=== Begin Enclosure ===

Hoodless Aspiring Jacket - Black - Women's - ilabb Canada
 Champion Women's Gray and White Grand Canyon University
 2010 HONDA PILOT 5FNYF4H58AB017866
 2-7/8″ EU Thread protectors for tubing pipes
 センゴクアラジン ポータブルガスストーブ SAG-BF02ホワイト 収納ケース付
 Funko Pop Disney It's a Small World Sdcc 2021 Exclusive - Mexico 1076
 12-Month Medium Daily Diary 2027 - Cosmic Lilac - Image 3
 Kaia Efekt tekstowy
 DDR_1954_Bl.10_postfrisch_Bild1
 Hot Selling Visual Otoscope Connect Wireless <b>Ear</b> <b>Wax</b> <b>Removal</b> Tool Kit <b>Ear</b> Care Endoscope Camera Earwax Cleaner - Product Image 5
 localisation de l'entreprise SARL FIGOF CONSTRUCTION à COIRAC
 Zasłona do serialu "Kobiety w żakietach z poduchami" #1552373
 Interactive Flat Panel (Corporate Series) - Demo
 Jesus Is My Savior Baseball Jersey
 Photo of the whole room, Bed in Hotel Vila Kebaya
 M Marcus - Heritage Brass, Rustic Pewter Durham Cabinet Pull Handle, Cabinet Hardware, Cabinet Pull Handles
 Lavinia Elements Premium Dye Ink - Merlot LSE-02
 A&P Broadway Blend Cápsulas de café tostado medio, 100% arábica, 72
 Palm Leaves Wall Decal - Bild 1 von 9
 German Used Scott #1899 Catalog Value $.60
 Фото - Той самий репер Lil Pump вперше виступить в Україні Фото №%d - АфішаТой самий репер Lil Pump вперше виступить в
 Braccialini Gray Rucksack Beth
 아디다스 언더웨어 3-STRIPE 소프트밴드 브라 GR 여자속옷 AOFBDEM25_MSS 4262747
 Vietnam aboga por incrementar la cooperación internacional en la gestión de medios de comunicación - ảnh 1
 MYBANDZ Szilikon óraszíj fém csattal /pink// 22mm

=== End Enclosure ===

All entries above are to be copied exactly, with none left out.

## [Output of the task]
Hoodless Aspiring Jacket - Black - Women's - ilabb Canada
 Champion Women's Gray and White Grand Canyon University
 2010 HONDA PILOT 5FNYF4H58AB017866
 2-7/8″ EU Thread protectors for tubing pipes
 センゴクアラジン ポータブルガスストーブ SAG-BF02ホワイト 収納ケース付
 Funko Pop Disney It's a Small World Sdcc 2021 Exclusive - Mexico 1076
 12-Month Medium Daily Diary 2027 - Cosmic Lilac - Image 3
 Kaia Efekt tekstowy
 DDR_1954_Bl.10_postfrisch_Bild1
 Hot Selling Visual Otoscope Connect Wireless <b>Ear</b> <b>Wax</b> <b>Removal</b> Tool Kit <b>Ear</b> Care Endoscope Camera Earwax Cleaner - Product Image 5
 localisation de l'entreprise SARL FIGOF CONSTRUCTION à COIRAC
 Zasłona do serialu "Kobiety w żakietach z poduchami" #1552373
 Interactive Flat Panel (Corporate Series) - Demo
 Jesus Is My Savior Baseball Jersey
 Photo of the whole room, Bed in Hotel Vila Kebaya
 M Marcus - Heritage Brass, Rustic Pewter Durham Cabinet Pull Handle, Cabinet Hardware, Cabinet Pull Handles
 Lavinia Elements Premium Dye Ink - Merlot LSE-02
 A&P Broadway Blend Cápsulas de café tostado medio, 100% arábica, 72
 Palm Leaves Wall Decal - Bild 1 von 9
 German Used Scott #1899 Catalog Value $.60
 Фото - Той самий репер Lil Pump вперше виступить в Україні Фото №%d - АфішаТой самий репер Lil Pump вперше виступить в
 Braccialini Gray Rucksack Beth
 아디다스 언더웨어 3-STRIPE 소프트밴드 브라 GR 여자속옷 AOFBDEM25_MSS 4262747
 Vietnam aboga por incrementar la cooperación internacional en la gestión de medios de comunicación - ảnh 1
 MYBANDZ Szilikon óraszíj fém csattal /pink// 22mm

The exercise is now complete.